(Beginning of INPUT)

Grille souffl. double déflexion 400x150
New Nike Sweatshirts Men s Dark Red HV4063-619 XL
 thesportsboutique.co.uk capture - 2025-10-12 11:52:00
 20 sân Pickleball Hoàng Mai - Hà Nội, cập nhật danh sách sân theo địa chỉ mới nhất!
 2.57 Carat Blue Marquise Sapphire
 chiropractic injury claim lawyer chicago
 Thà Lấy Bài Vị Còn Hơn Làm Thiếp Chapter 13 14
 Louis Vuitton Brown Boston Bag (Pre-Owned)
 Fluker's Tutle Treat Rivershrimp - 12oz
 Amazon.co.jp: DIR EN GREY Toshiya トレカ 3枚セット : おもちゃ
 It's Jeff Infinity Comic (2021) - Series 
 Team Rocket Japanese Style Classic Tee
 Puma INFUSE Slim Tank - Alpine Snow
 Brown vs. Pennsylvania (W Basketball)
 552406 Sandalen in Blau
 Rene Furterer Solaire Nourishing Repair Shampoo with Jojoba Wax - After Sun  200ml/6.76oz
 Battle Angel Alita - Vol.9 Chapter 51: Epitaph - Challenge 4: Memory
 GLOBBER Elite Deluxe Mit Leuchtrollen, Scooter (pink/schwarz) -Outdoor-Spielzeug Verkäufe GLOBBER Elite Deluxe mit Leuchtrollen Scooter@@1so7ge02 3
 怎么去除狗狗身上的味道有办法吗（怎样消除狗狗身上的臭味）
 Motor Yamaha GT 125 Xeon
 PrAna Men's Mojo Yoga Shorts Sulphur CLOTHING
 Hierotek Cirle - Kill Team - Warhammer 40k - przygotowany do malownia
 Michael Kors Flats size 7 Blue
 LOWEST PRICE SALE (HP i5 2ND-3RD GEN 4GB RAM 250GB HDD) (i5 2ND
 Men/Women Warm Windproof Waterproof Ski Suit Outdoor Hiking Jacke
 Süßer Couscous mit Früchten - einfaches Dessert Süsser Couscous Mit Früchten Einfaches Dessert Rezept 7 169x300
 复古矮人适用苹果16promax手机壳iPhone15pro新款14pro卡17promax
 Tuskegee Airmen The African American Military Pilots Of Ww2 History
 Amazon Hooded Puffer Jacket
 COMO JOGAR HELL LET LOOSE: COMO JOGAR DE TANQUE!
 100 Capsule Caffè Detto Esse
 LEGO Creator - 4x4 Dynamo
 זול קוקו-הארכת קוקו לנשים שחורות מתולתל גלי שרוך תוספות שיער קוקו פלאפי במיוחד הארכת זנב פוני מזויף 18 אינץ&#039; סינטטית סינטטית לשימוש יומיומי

(End of INPUT)

• [INSTRUCTIONS TO FOLLOW] Read through the entries and copy each line in which "Chapter" appears.

• [RESPONSE AREA]
 Thà Lấy Bài Vị Còn Hơn Làm Thiếp Chapter 13 14
 Battle Angel Alita - Vol.9 Chapter 51: Epitaph - Challenge 4: Memory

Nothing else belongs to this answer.